» **Exercise objective**: Set down, word for word, only the lines from the start of the records through the line bearing "men women basketball"; include no pictures.

» **Data**:
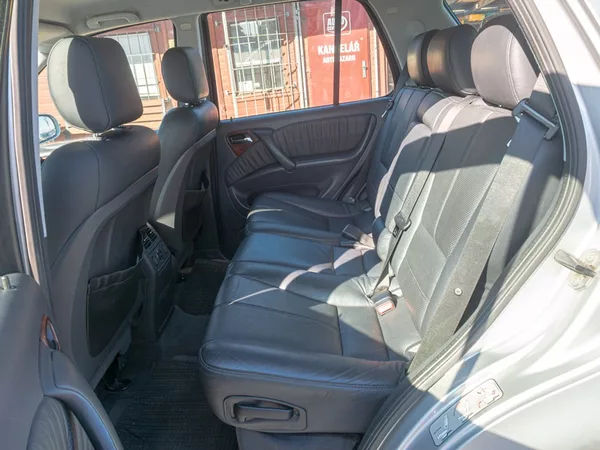 Mercedes-Benz Třídy M 270CDI 120KW – BEZ KOROZE - foto 32
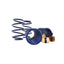 Ford Racing 15-23 Mustang GT/2.3L EcoBoost Fastback Track Lowering Spring Kit (Excl MagneRide Susp)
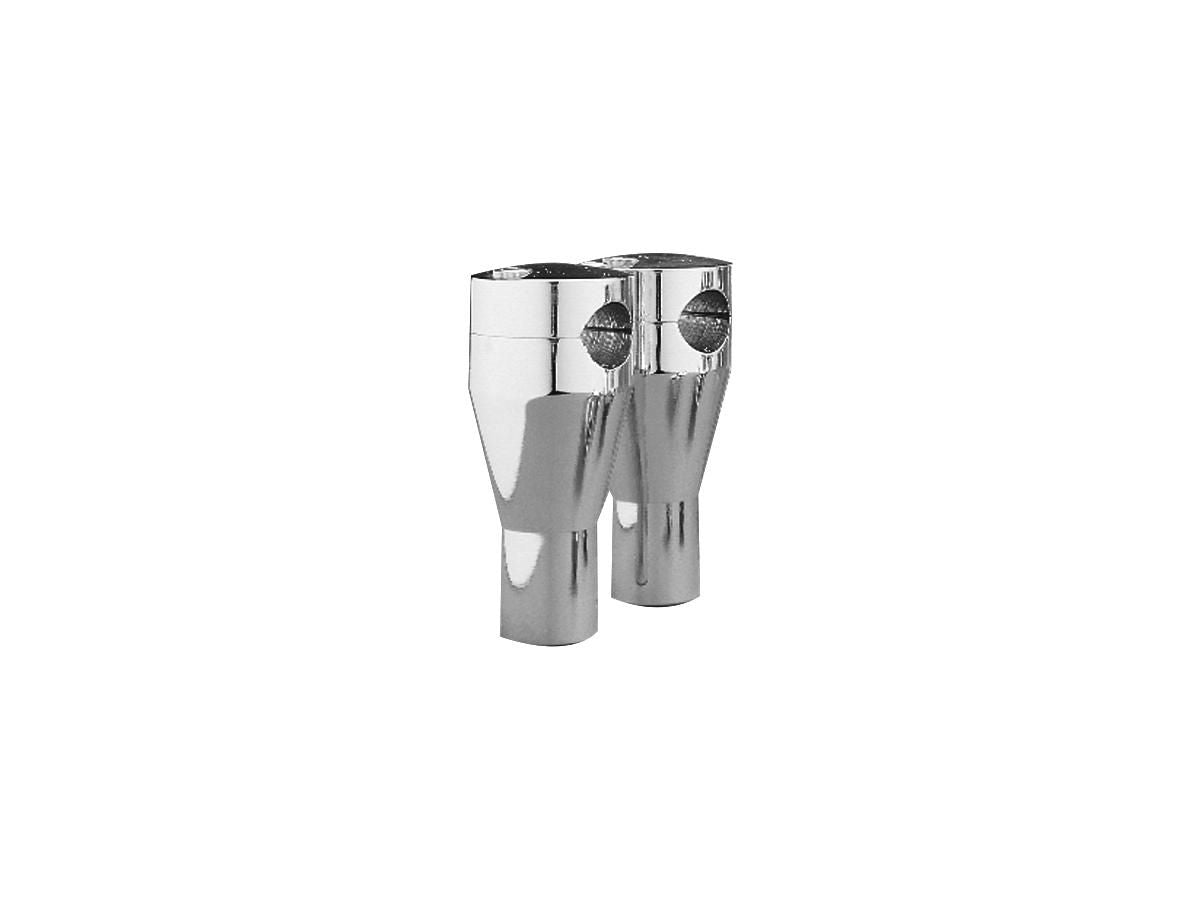 kerek top kormánykiemelő - 6" (1")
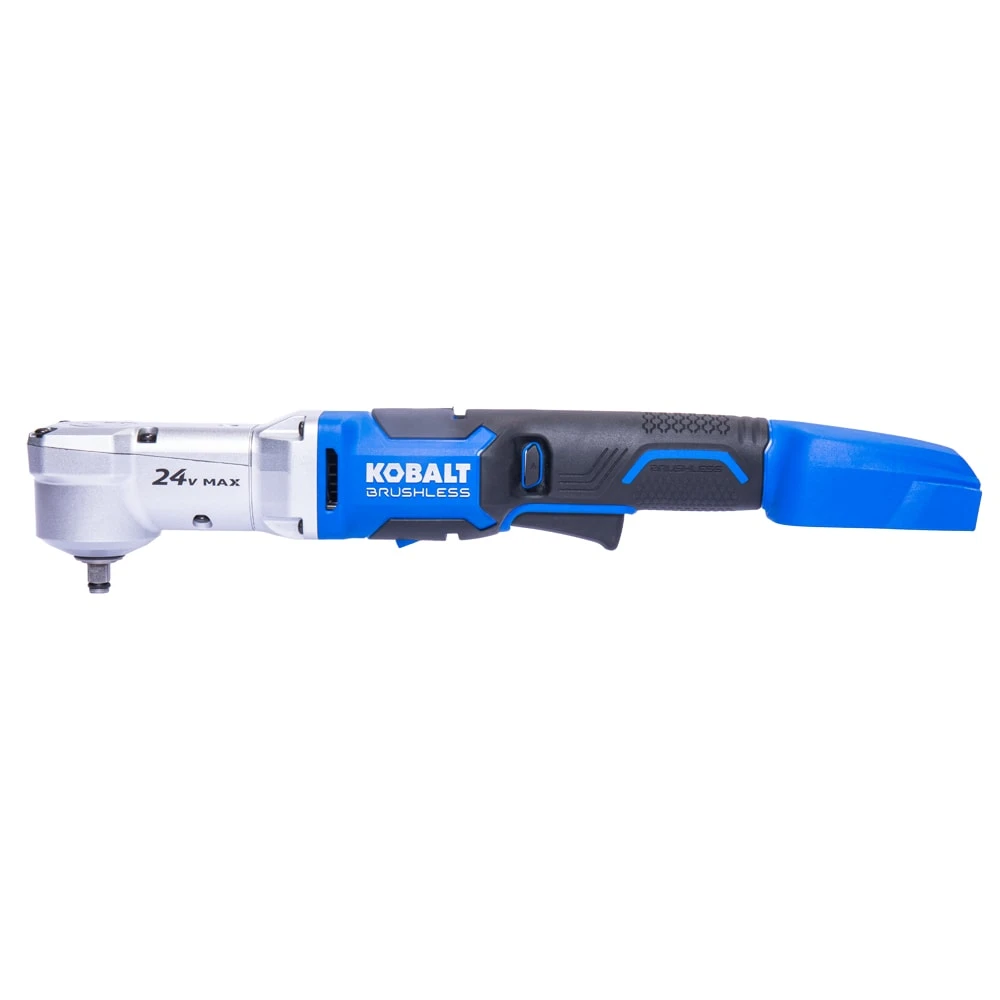 Kobalt Wrench 3/8-In Max 24-Volt Impact Variable Speed Cordles Drive (Tool Only) Brushles - Image 2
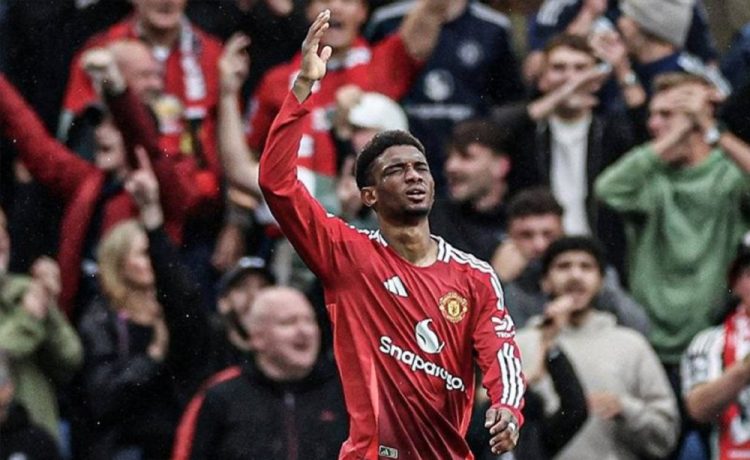 آماد دیالو جدیدترین مصدوم منچستر در فیفادی!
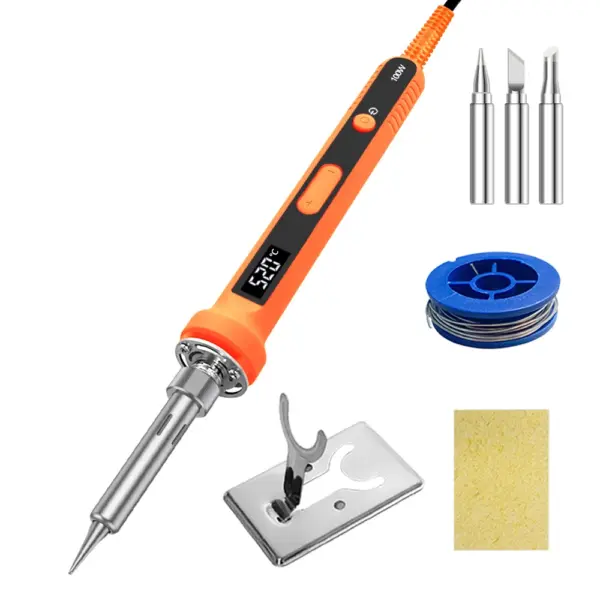 Digital Soldering Iron Set 100W 120W 150W - Image 7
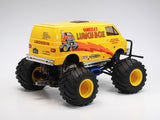 Tamiya RC Clod Buster 2026 1:10 and Lunch Box EVO 1:12 Bundle - Items 58755, 58762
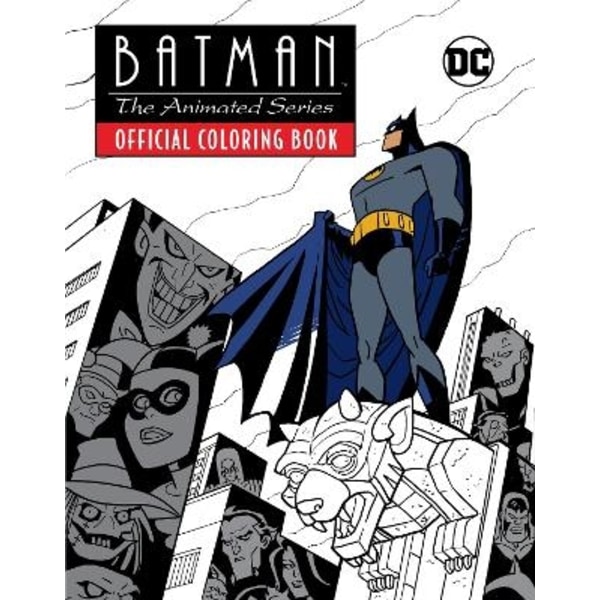 Batman: The Animated Series 9798886636055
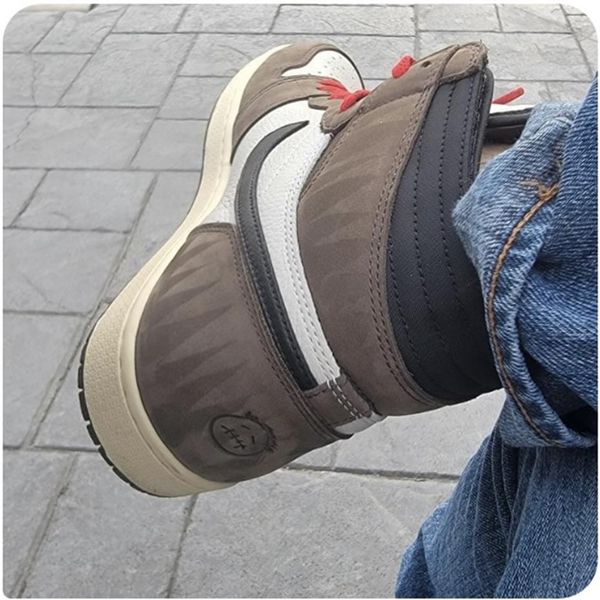 

men women basketball shoes travis scotts fragment dunks high low sneakers248p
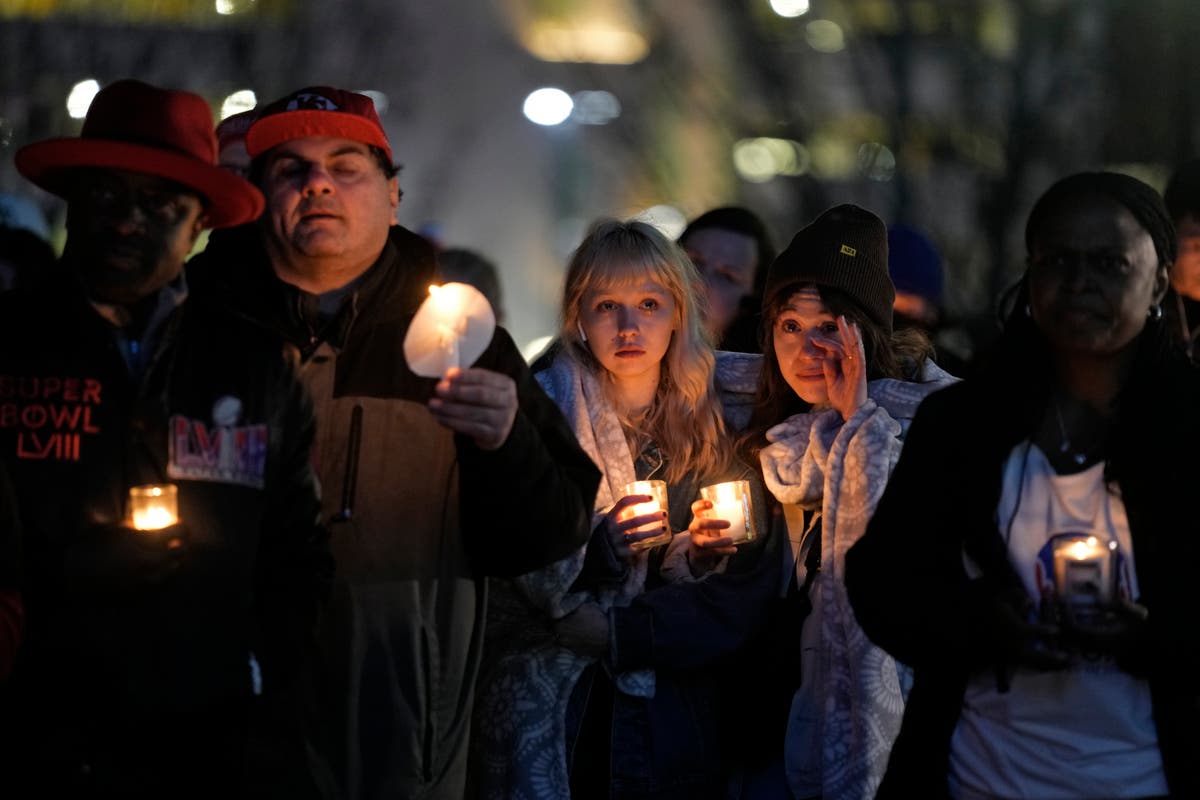 Kansas City tries to recover after mass shooting at Super Bowl celebration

» **Expected output**:
 Mercedes-Benz Třídy M 270CDI 120KW – BEZ KOROZE - foto 32
 Ford Racing 15-23 Mustang GT/2.3L EcoBoost Fastback Track Lowering Spring Kit (Excl MagneRide Susp)
 kerek top kormánykiemelő - 6" (1")
 Kobalt Wrench 3/8-In Max 24-Volt Impact Variable Speed Cordles Drive (Tool Only) Brushles - Image 2
 آماد دیالو جدیدترین مصدوم منچستر در فیفادی!
 Digital Soldering Iron Set 100W 120W 150W - Image 7
 Tamiya RC Clod Buster 2026 1:10 and Lunch Box EVO 1:12 Bundle - Items 58755, 58762
 Batman: The Animated Series 9798886636055

men women basketball shoes travis scotts fragment dunks high low sneakers248p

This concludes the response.